The vapours interact with that thirst soon to be quenched. Or who knows, I gain yet another desire, one more dream.
It's funny how I again and again come back to this beautiful web of dreams, imagination, reality, truth, illusion... And thence, all questions undergo a metamorphoses and transcend I to exclamation from interrogation.

Every night -  till morning I watch those passing flights wondering about people going to places in different directions - going to new mornings in new attires. After a long time, I will be high in air - one of those people in the air.

28th August 7:47 AM
Having a filter kaafi at Bangalore's airport. The first step out of my flight was refreshing and cold - damn cold. Gradually I adjusted to the temperature. I felt nostalgic for Delhi's warmth like that of a mother. Then I remembered how much difficult it was for me to bear Delhi's heat initially.
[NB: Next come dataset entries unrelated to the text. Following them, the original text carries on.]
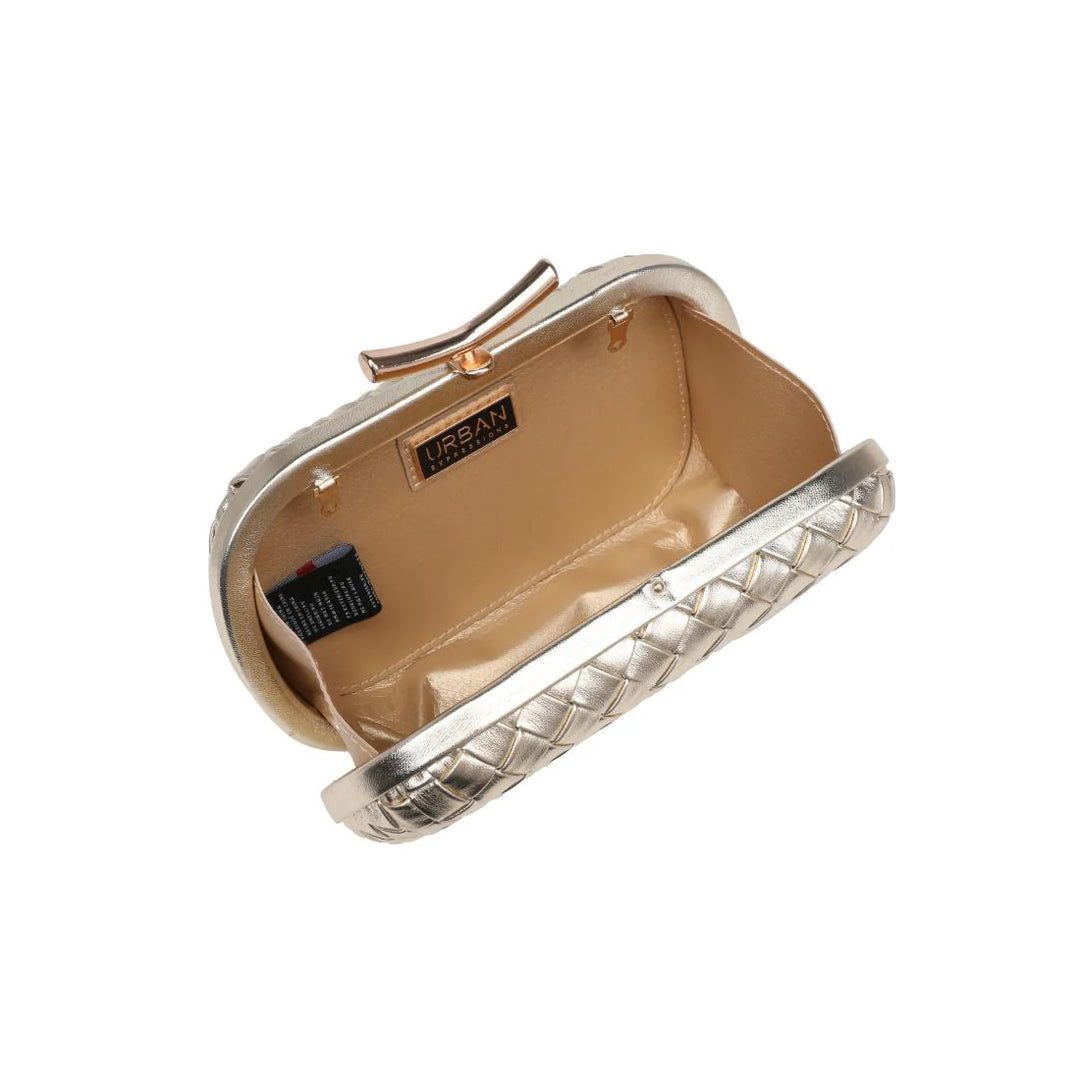 Allison Evening Bag Gold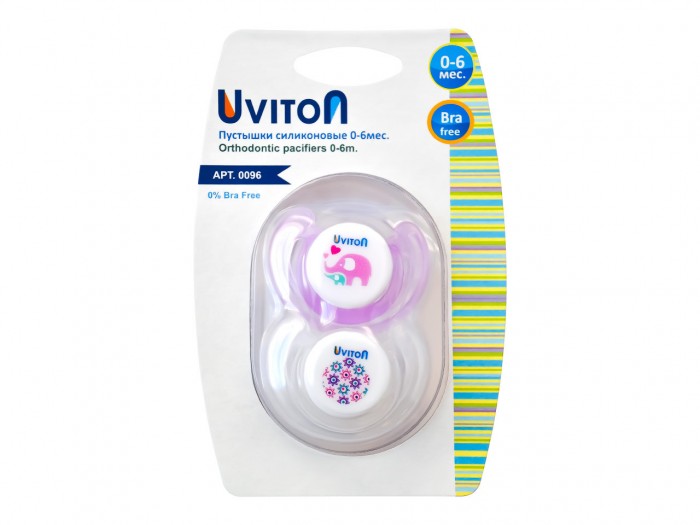  Uviton  0-6 . 2 .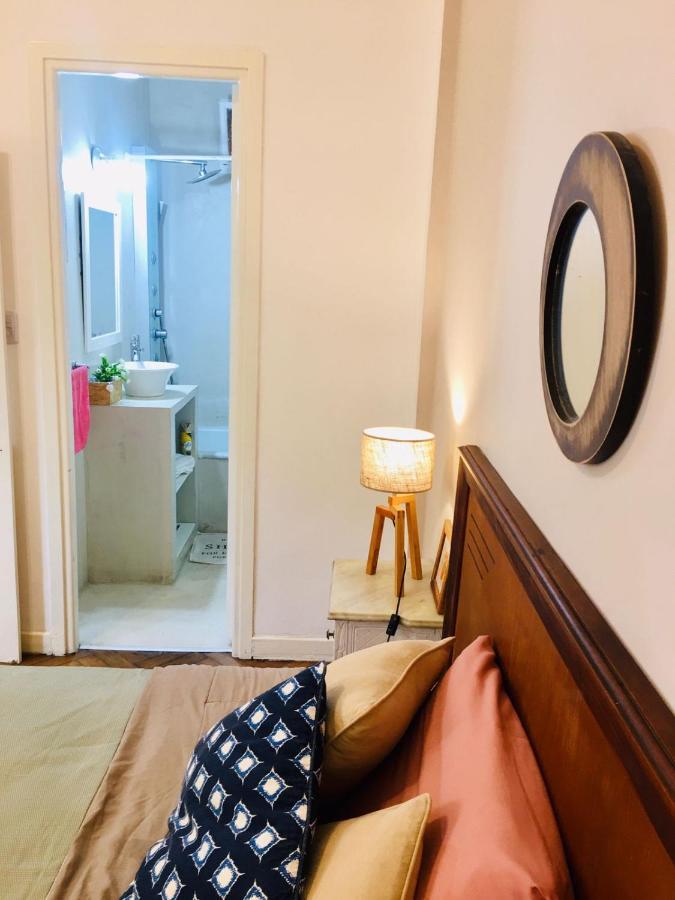 Recoleta Friends Arenales Apartment Buenos Aires Bagian luar foto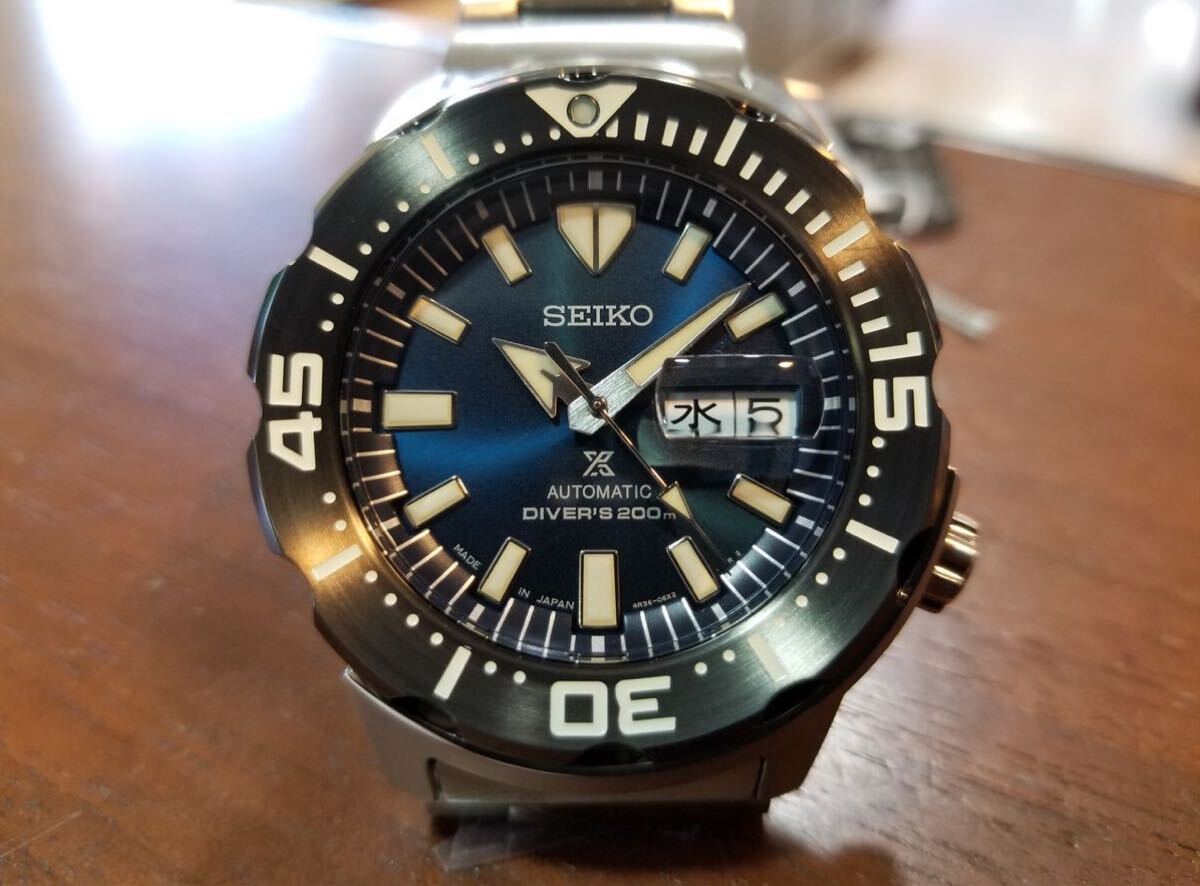 Yahoo!オークション -「(seiko セイコー) モンスター」(プロ Yahoo!オークション -「(seiko セイコー) モンスター」(プロ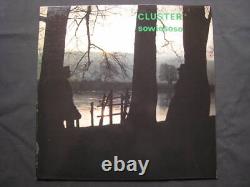 No Label Code Real First Edition German Sky Original Cluster Sowiesoso Sky005 Br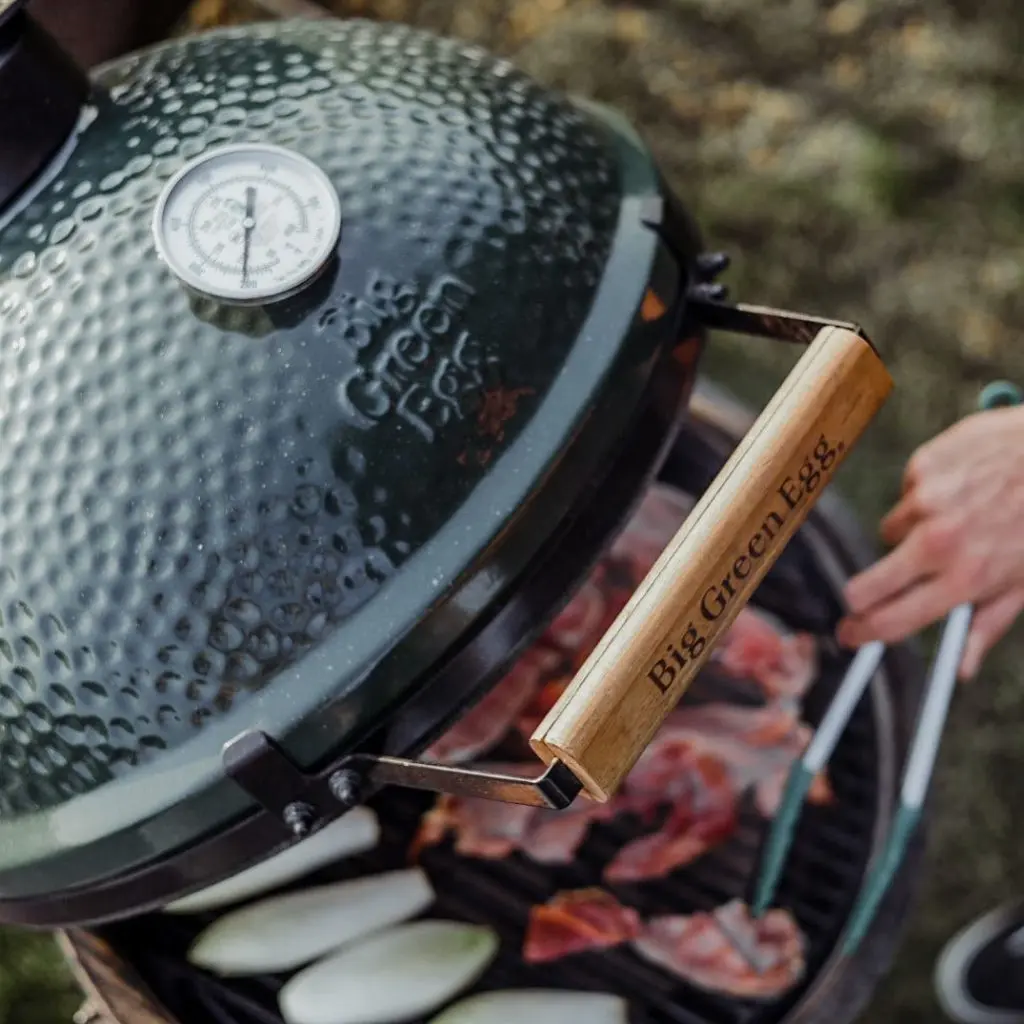 Pitt-Big Green Egg-Xlarge Big Green Egg Master Set - It's a big deal-4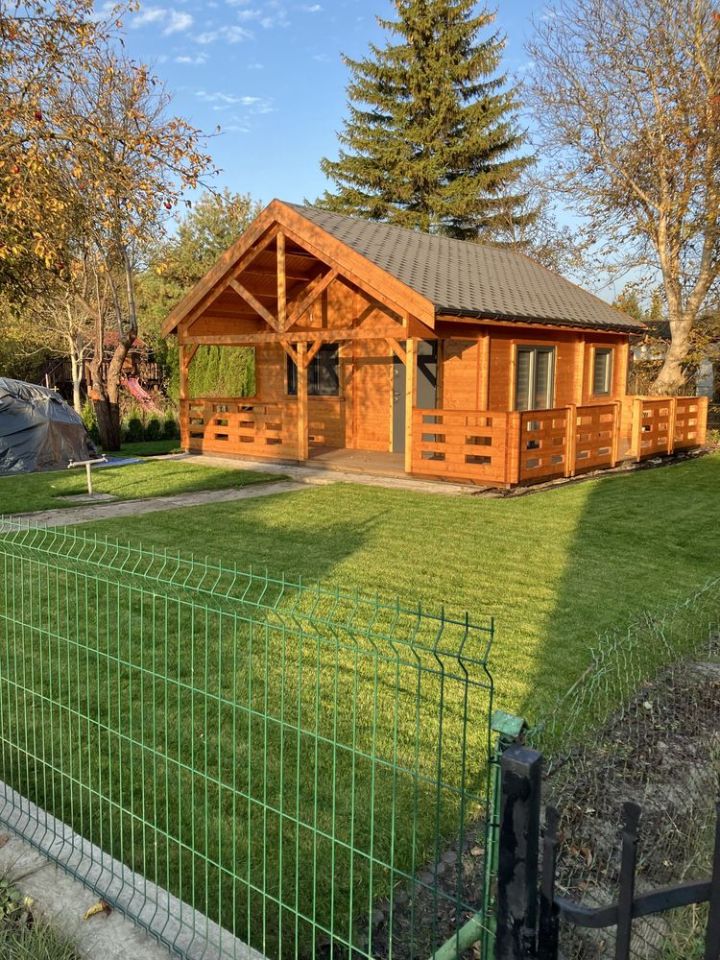 Działka rod Drzewce. Zdjęcie 1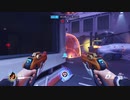 Overwatch オーバーウォッチ適当実況動画part463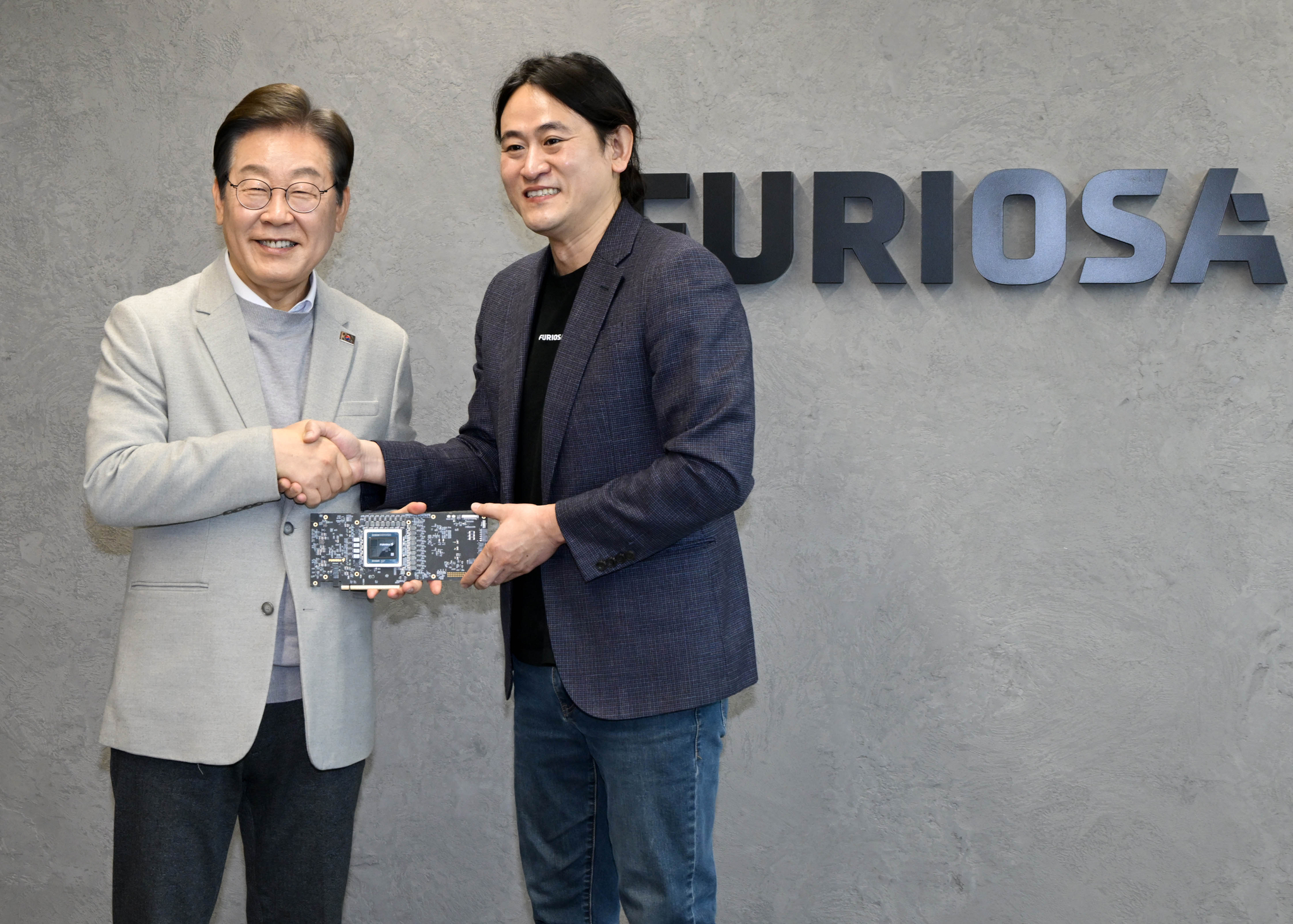 New president reiterates commitment to Koreas tech future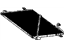 Mopar 68012646AA Condenser A/C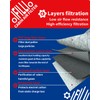 OIFILLIO Engine Cabin Air Filter for Crosstrek (2018-2024), Outback (2020-2025),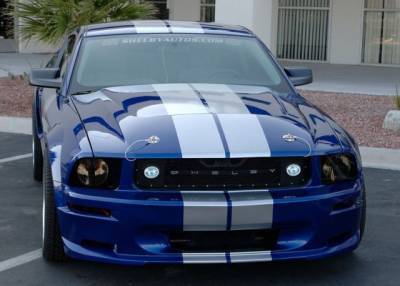 Gruppenavatar von FORD MUSTANG IS DER GEILSTE WOGN !!!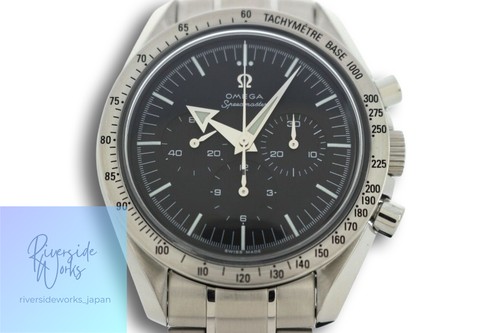 Omega speedmaster first - omega,
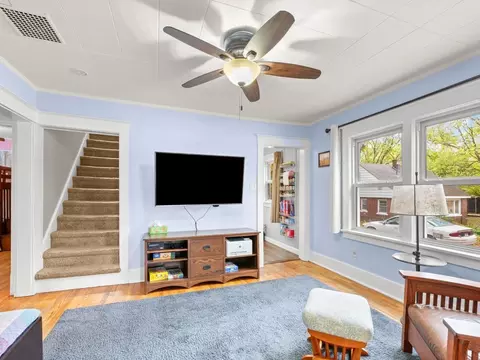 Living - 817 E High St, Monticello, IL 61856 photo 2 of 3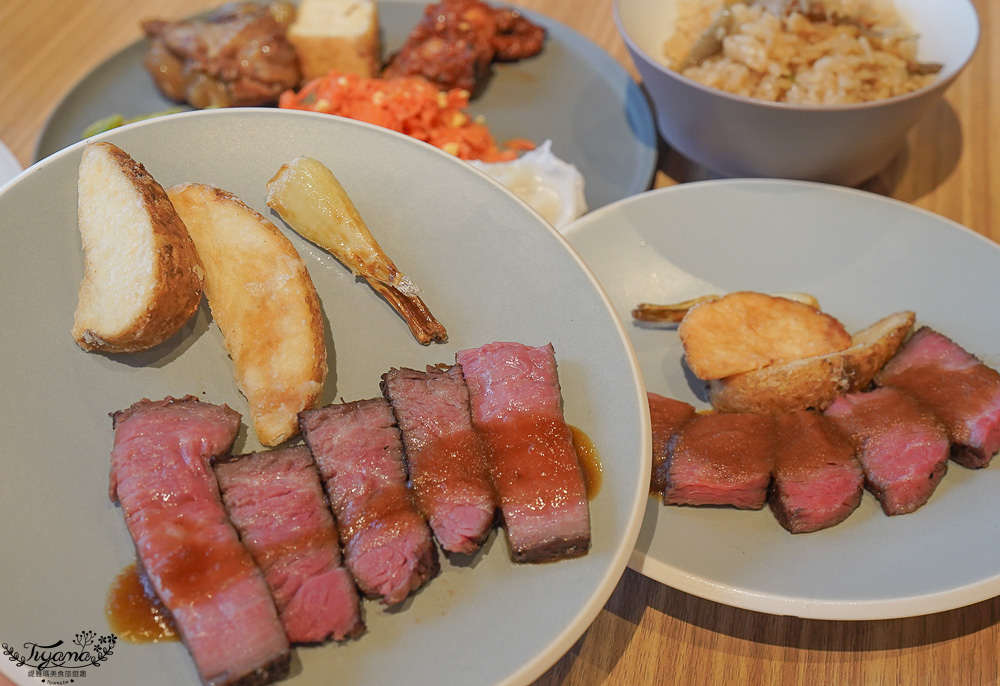 星野集團 西表島飯店 自助晚餐篇！亞熱帶西表島特色料理，沖繩牛排、花蟹海鮮湯、石垣島布丁、八重山泡盛 @緹雅瑪 美食旅遊趣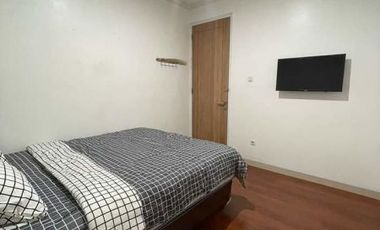Rumah dengan kolam renang sayap cibeureum dekat rajawali bandung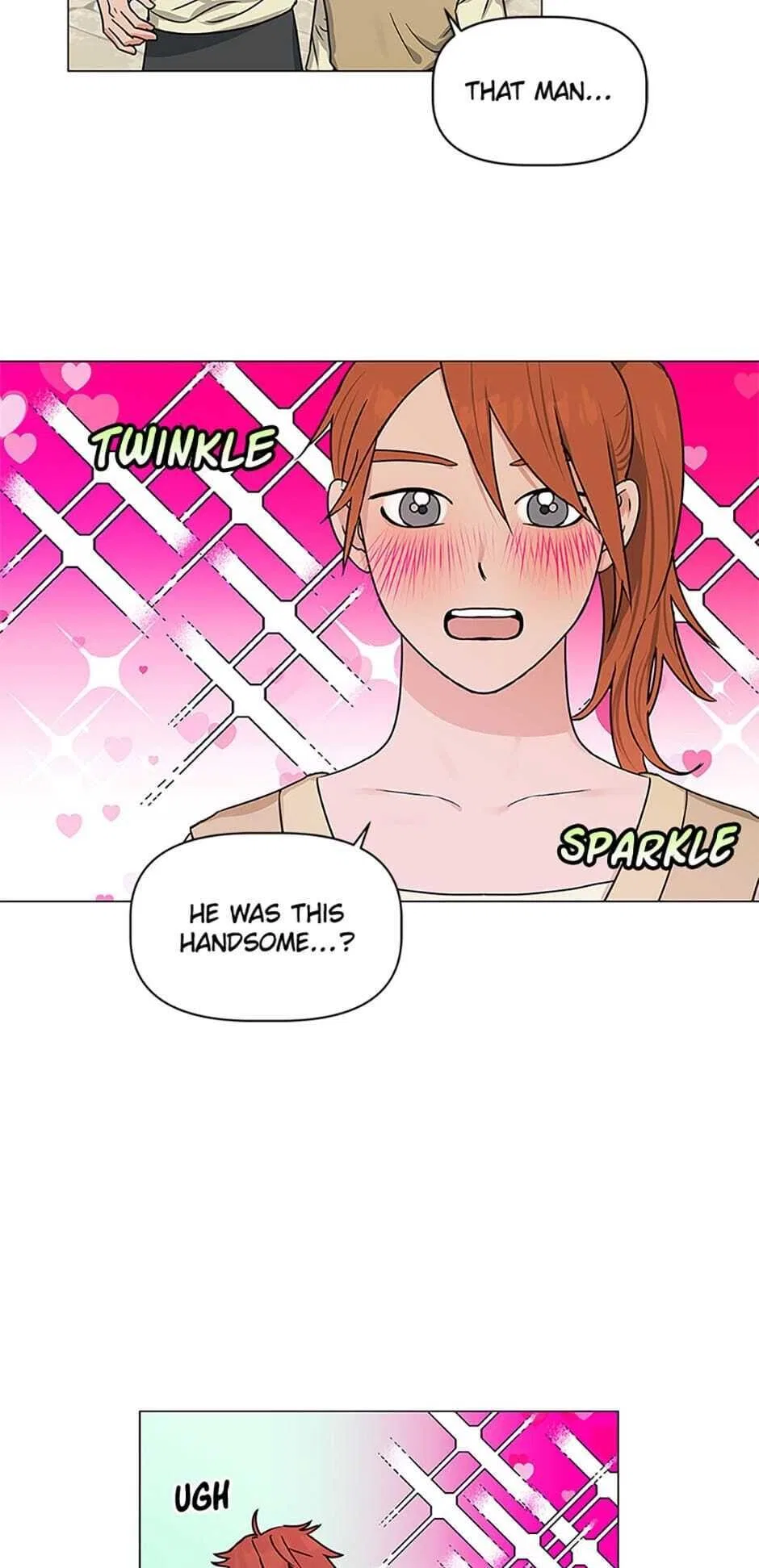 Let Me Fall Be Brilliant Chapter 23 – Page 2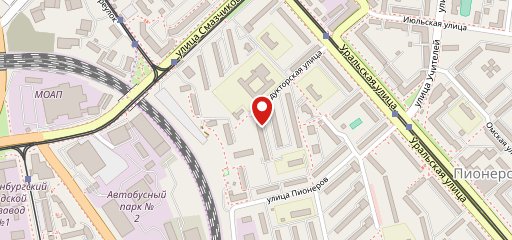 Сытый Хлопчик - Король пирогов на карте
So I welcomed Bangalore's weather and got nostalgic for everyday that was pleasant in this city
I'm waiting for my cab now - none of my friends here to pick me. Am solo. I could have conversed with the guy sitting next to me in flight but don't know why I didn't. Probably I was too tired. Now I feel better after my short power nap in the plane.
I'm in no hurry. The weather is beautiful, and so is my spirit.
Am here to close doors of my past and paint another beautiful picture there.